### Dataset excerpts

________

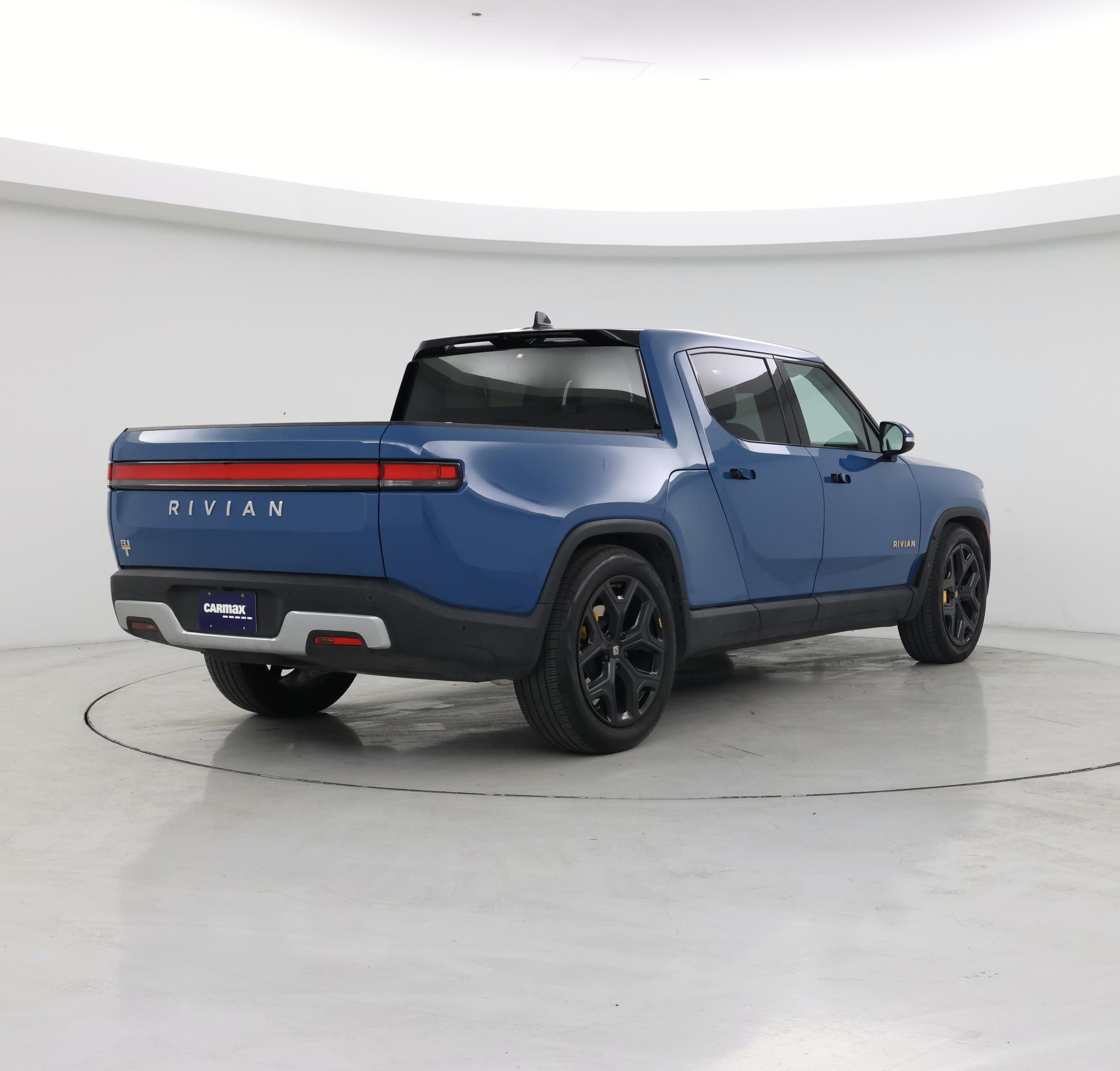 Thumbnail: 2023 Rivian R1T - 8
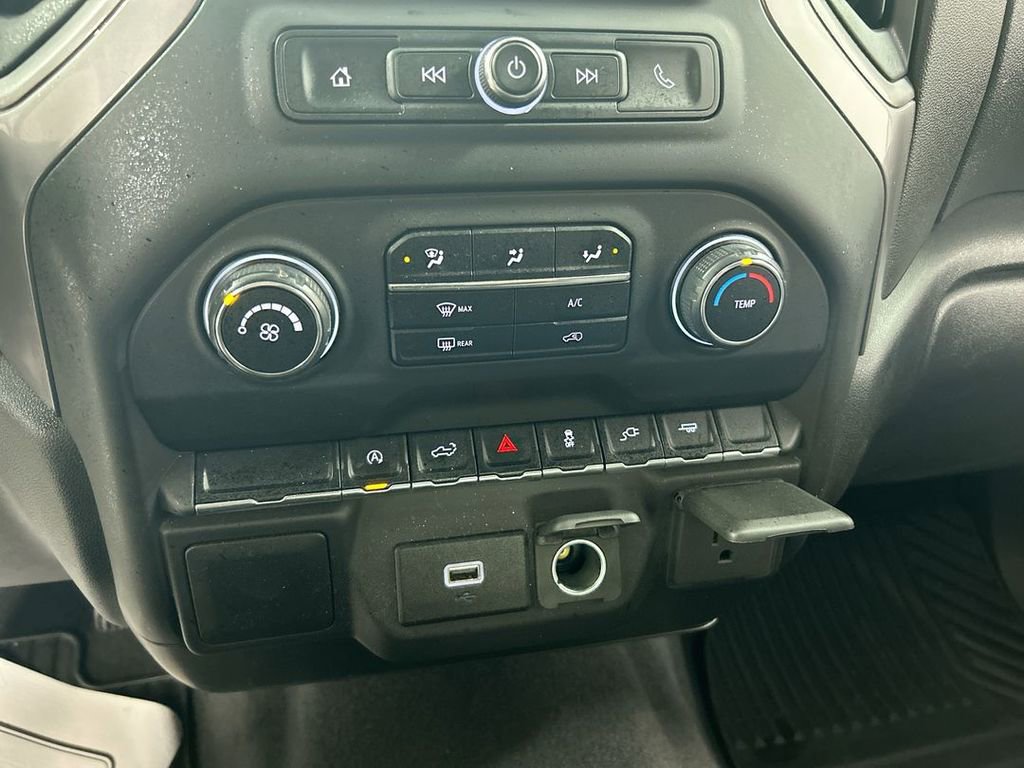 Used 2020 Chevrolet Silverado 1500 Custom w/ Custom Value Package image 16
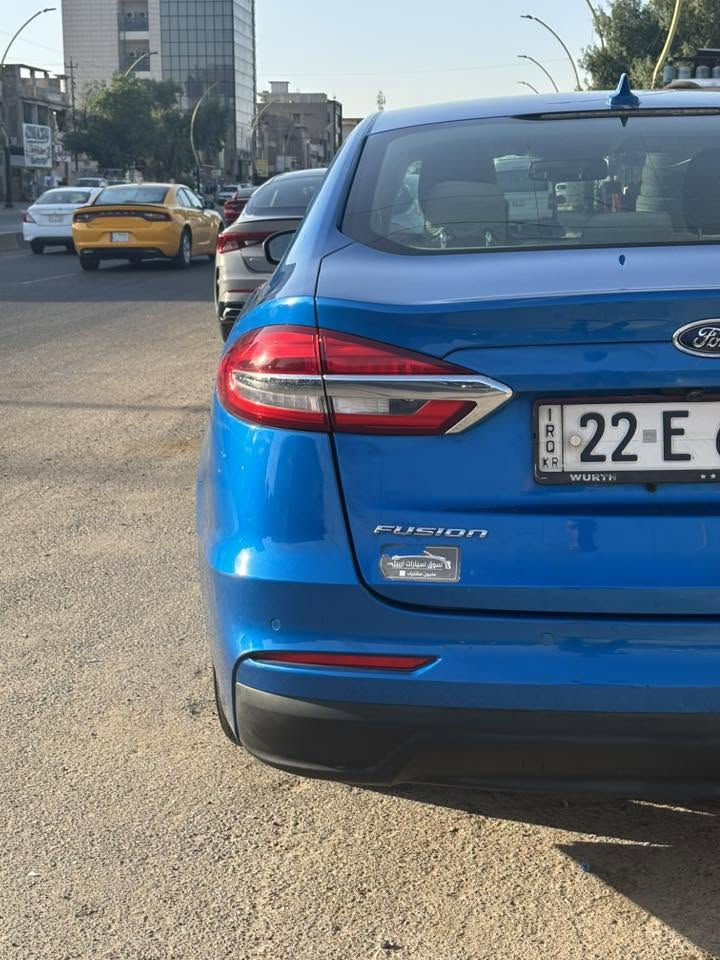 السلام عليكم فورد فيوجن 2019 للبيع فول مواصفات عدا الفتحة محرك 1500 تيربو 
بصمة 
رادار 
تحديد مسار 
نقاط عمياء 
شاشة ابل كار بلي 
تبريد قطعتين ثلج 
بيهة 3 قطع صبغ 
السعر 112 وبيهة مجال للشراي 
***********
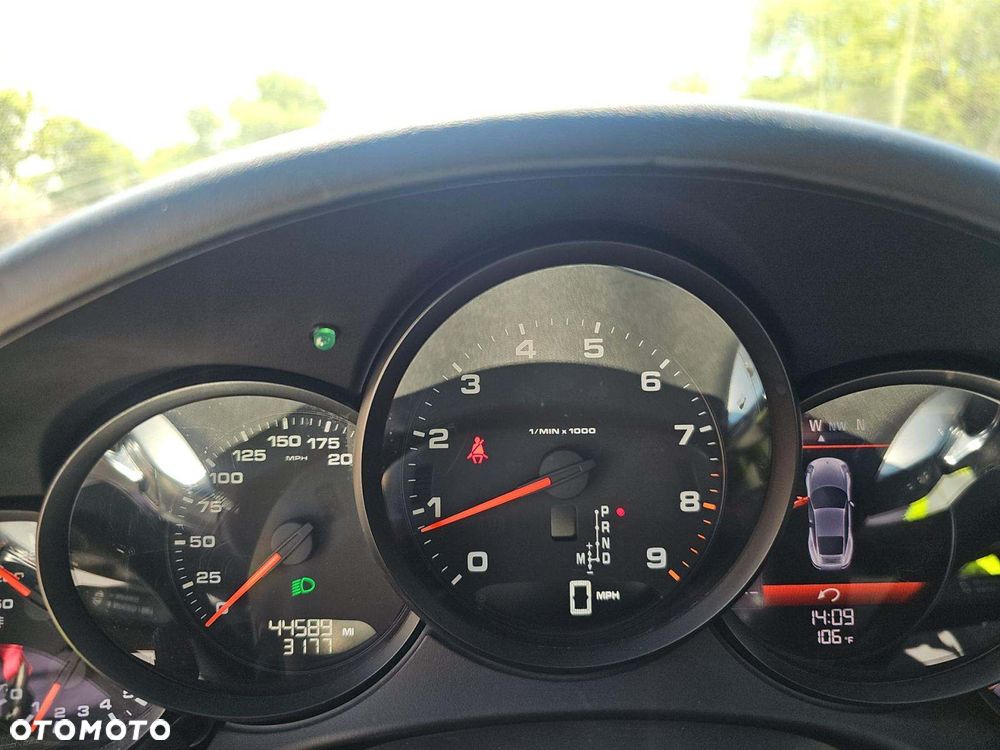 Porsche 911 Carrera 4S PDK - 6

________

### Task statement
Print nothing except the lines from the one with "تبريد قطعتين ثلج" through the last line of the listing, exactly as written and with pictures removed.

### Task response
تبريد قطعتين ثلج 
بيهة 3 قطع صبغ 
السعر 112 وبيهة مجال للشراي 
***********
 Porsche 911 Carrera 4S PDK - 6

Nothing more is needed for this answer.